Ni siquiera Carles Puigdemont, que ha liderado la única candidatura independentista que no se desploma, tiene donde agarrarse: toda la épica de un supuesto presidente en el exilio que regresa por la puerta grande para una “restitución” se ha quedado en un exiguo 21% de los votos… a años luz de las expectativas del imaginario de cualquier presidente que aspire a conducir un pueblo hacia la independencia.
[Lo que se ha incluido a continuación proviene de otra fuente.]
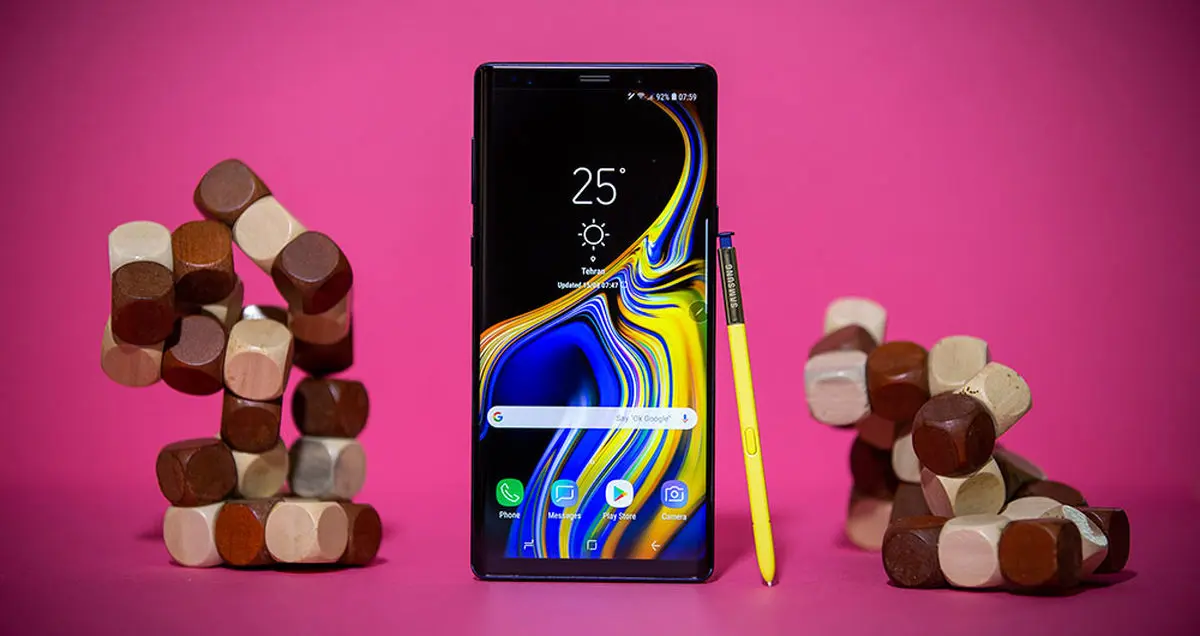 جعبه گشایی گوشی گلکسی نوت 9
La nueva etapa, pues, es un hecho. Otra cosa bien distinta es hacia qué dirección conducirá. Pero las múltiples opciones que a partir de ahora van a barajarse no pueden soslayar un elemento central que a menudo queda fuera de los análisis más voluntaristas, que observan la política catalana como si fuera independiente de lo que sucede en el conjunto de España: el procés ha terminado, pero el proceso para materializar la amnistía, no. Y hasta que la amnistía no sea una realidad y sus efectos sean tangibles para todos los implicados, la política catalana –y, en la práctica, la española en su conjunto– seguirá en un limbo que necesariamente condicionará las alianzas.
Algunos independentistas –y muy singularmente Carles Puigdemont, como se vio en su discurso de anoche– actúan como si tuvieran la sartén por el mango en Madrid en la medida en que sus votos son decisivos para la estabilidad del Gobierno. Pero resulta que la amnistía ni siquiera está aprobada todavía en Las Cortes –paradójicamente, como consecuencia del extraño retraso en la aprobación inicial en el Congreso, forzado precisamente por Junts–, que el propio Puigdemont se quedará pronto sin el fuero que tenía en la Eurocámara y que, cuando el texto obtenga el visto bueno definitivo en Las Cortes, empezará la batalla de verdad: la que impulsa el poder judicial, con un arsenal de iniciativas en marcha de enorme potencia, del que solo hemos visto aperitivos como la bunkerización del Consejo General del Poder Judicial (CGPJ), las polémicas instrucciones en la Audiencia Nacional por “terrorismo” o la rehabilitación de oscuras entidades como Manos Limpias, reintegradas de súbito en el circuito de las querellas de la razón de Estado.
Es un pulso endiablado de poderes muy fuertes del Estado –¿aguantará el fiscal general del Estado? ¿realmente habrá una mayoría que avale la amnistía en el Constitucional? ¿será sensible Europa al argumento de la malversación en la cuestión prejudicial?–, que, además, va para largo. Nada que ver, pues, con una situación en la que con siete diputados se tiene la sartén por el mango.
El bloque que hizo presidente a Pedro Sánchez incluye a antagonistas que en circunstancias normales se despellejarían políticamente sin concesiones. Pero las circunstancias no serán normales hasta que efectivamente la amnistía no solo se apruebe, sino que sus efectos entren en vigor y tengan el visto bueno del Tribunal Constitucional y de los tribunales europeos.
Hasta entonces, estos antagonistas (el PSC-PSOE, Comuns-Sumar, ERC y Junts), están condenados a remar juntos: ni está Puigdemont en condiciones de hacer caer al Gobierno de Sánchez si el PSC no le hace presidente de la Generalitat, ni ERC puede sumarse como en el pasado a un tripartito, estando en caída libre, y enervar a Junts, ni ninguno de estos partidos puede enredarse en un bloqueo que conduzca a la repetición electoral, que sólo daría alas al PP y a Vox.
Ya les gustaría, pero nadie tiene la sartén por el mango. Y precisamente por ello están condenados a encontrar una fórmula que les mantenga en el mismo campo hasta que la amnistía sea, de verdad, una realidad.